• _Activity_:
Scan the records below for the line with "A demonstrator protests" and the line with "Close-up of golden". Repeat those two lines and every line between them exactly, and nothing else.

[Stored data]

---------------

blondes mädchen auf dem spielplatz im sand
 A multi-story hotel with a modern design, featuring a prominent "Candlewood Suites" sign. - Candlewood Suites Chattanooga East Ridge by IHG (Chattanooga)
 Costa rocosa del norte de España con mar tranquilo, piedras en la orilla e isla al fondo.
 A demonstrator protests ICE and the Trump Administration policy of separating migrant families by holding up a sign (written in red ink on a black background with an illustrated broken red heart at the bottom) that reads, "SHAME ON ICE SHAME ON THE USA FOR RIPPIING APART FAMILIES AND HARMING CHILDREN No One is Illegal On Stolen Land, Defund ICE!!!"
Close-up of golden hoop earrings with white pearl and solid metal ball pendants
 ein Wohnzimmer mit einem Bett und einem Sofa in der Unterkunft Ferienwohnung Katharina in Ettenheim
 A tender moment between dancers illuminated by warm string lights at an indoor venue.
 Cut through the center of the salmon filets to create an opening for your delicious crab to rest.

---------------

• _Solved exercise_:
 A demonstrator protests ICE and the Trump Administration policy of separating migrant families by holding up a sign (written in red ink on a black background with an illustrated broken red heart at the bottom) that reads, "SHAME ON ICE SHAME ON THE USA FOR RIPPIING APART FAMILIES AND HARMING CHILDREN No One is Illegal On Stolen Land, Defund ICE!!!"
Close-up of golden hoop earrings with white pearl and solid metal ball pendants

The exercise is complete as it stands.